The readiness of Gordon Brown to call Ms. Duffy a bigot when he thought he was off-mic made me wonder whether it dovetailed with the Minow flap in still another way: does Brown have a background in academia, where this sort of kneejerk name-calling is not only prevalent but meets with approval? When I looked Brown up I discovered—somewhat to my surprise, I must say—that indeed he does, and a history as a journalist as well (another group where using the racist/bigot accusation is favored):
Brown graduated from Edinburgh with First Class Honours MA in 1972, and stayed on to complete his PhD (which he gained ten years later in 1982), titled The Labour Party and Political Change in Scotland 1918”“29. In 1972, while still a student, Brown was elected Rector of the University of Edinburgh, the convener of the University Court…
From 1976 to 1980 Brown was employed as a lecturer in Politics at Glasgow College of Technology.

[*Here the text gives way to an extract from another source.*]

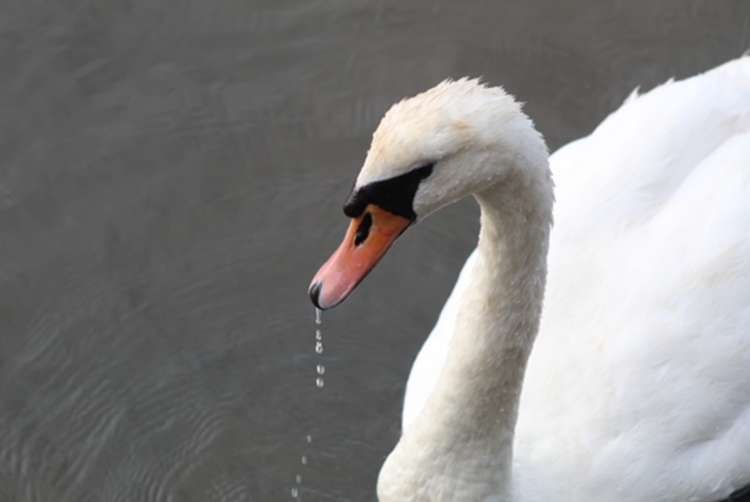 Swan-ning about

In the 1979 general election, he stood for the Edinburgh South constituency, losing to the Conservative candidate, Michael Ancram. From 1980 he worked as a journalist at Scottish Television, later serving as current affairs editor until his election to parliament in 1983. He also worked as a tutor for the Open University.
Decades of relentless PC hammering on the evils of bigotry and racism have not only corrected many of the actual racist offenses that used to occur more frequently, but have sometimes over-corrected to the point of absurdity. It used to be that, in order to be a racist, you had to actually advocate discriminating against racial and/or ethnic groups. Now bigotry and racism are thought-crimes that are defined by the eye of the offended beholder: simply put, you’re a racist if a liberal says you are.